This notebook demonstrates a how to query a Catalog Service for the Web (CSW), like the IOOS Catalog, and to parse its results into endpoints that can be used to access the data.
In [1]:
import os
import sys
ioos_tools = os.path.join(os.path.pardir)
sys.path.append(ioos_tools)
Let's start by creating the search filters. The filter used here constraints the search on a certain geographical region (bounding box), a time span (last week), and some CF variable standard names that represent sea surface temperature.
In [2]:
from datetime import datetime, timedelta
import dateutil.parser
service_type = 'WMS'
min_lon, min_lat = -90.0, 30.0
max_lon, max_lat = -80.0, 40.0
bbox = [min_lon, min_lat, max_lon, max_lat]
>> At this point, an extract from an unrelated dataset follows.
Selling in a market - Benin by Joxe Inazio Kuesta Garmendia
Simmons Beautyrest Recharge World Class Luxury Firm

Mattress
crs = 'urn:ogc:def:crs:OGC:1.3:CRS84'
# Temporal range: Last week.
now = datetime.utcnow()
start, stop = now - timedelta(days=(7)), now
start = dateutil.parser.parse('2017-03-01T00:00:00Z')
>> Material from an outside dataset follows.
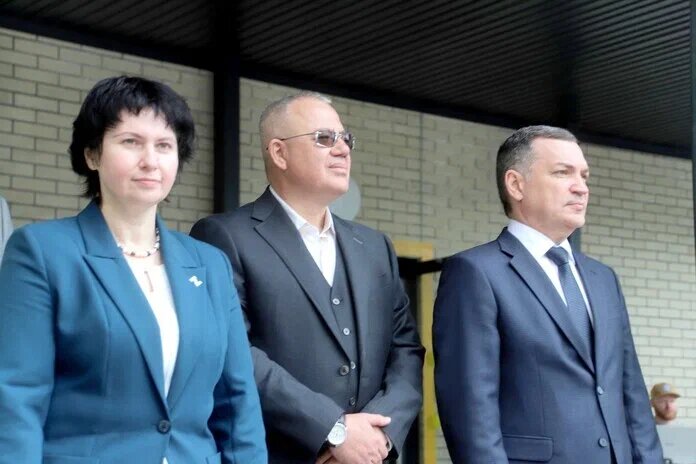    Вице-губернатор Новосибирской области Валентина Дудникова, девелопер Илья Поляков и мэр города Максим Кудрявцев открыли новую школу в Стрижах. Фото Михаила Перикова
stop = dateutil.parser.parse('2017-04-01T00:00:00Z')
# Ocean Model Names
model_names = ['NAM', 'GFS']
With these 3 elements it is possible to assemble a OGC Filter Encoding (FE) using the owslib.fes
* module.
* OWSLib is a Python package for client programming with Open Geospatial Consortium (OGC) web service (hence OWS) interface standards, and their related content models.
In [3]:
from owslib import fes
from ioos_tools.ioos import fes_date_filter
kw = dict(wildCard='*', escapeChar='\\',
singleChar='?', propertyname='apiso:AnyText')
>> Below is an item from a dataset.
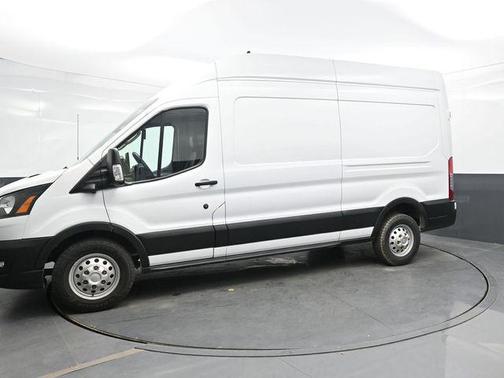 2022 Ford Transit-350 Base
or_filt = fes.Or([fes.PropertyIsLike(literal=('*%s*' % val), **kw)
for val in model_names])
kw = dict(wildCard='*', escapeChar='\\',
singleChar='?', propertyname='apiso:ServiceType')
serviceType = fes.PropertyIsLike(literal=('*%s*' % service_type), **kw)
begin, end = fes_date_filter(start, stop)
bbox_crs = fes.BBox(bbox, crs=crs)
filter_list = [
fes.And(
[
bbox_crs, # bounding box
begin, end, # start and end date
or_filt, # or conditions (CF variable names)
serviceType # search only for datasets that have WMS services
]
)
]
In [4]:
from owslib.csw import CatalogueServiceWeb
endpoint = 'https://data.ioos.us/csw'
csw = CatalogueServiceWeb(endpoint, timeout=60)
The csw
object created from CatalogueServiceWeb
did not fetched anything yet.
It is the method getrecords2
that uses the filter for the search. However, even though there is a maxrecords
option, the search is always limited by the server side and there is the need to iterate over multiple calls of getrecords2
to actually retrieve all records.
The get_csw_records
does exactly that.
In [5]:
def get_csw_records(csw, filter_list, pagesize=10, maxrecords=1000):
"""Iterate `maxrecords`/`pagesize` times until the requested value in
`maxrecords` is reached.
"""
from owslib.fes import SortBy, SortProperty
# Iterate over sorted results.
sortby = SortBy([SortProperty('dc:title', 'ASC')])
csw_records = {}
startposition = 0
nextrecord = getattr(csw, 'results', 1)
while nextrecord != 0:
csw.getrecords2(constraints=filter_list, startposition=startposition,
maxrecords=pagesize, sortby=sortby)
csw_records.update(csw.records)
if csw.results['nextrecord'] == 0:
break
startposition += pagesize + 1 # Last one is included.
if startposition >= maxrecords:
break
csw.records.update(csw_records)
In [6]:
get_csw_records(csw, filter_list, pagesize=10, maxrecords=1000)
records = '\n'.join(csw.records.keys())
print('Found {} records.\n'.format(len(csw.records.keys())))
for key, value in list(csw.records.items()):
print('[{}]\n{}\n'.format(value.title, key))
In [7]:
csw.request
Out[7]:
In [8]:
#write to JSON for use in TerriaJS
csw_request = '"{}": {}"'.format('getRecordsTemplate',str(csw.request,'utf-8'))
import io
import json
with io.open('query.json', 'a', encoding='utf-8') as f:
f.write(json.dumps(csw_request, ensure_ascii=False))
f.write('\n')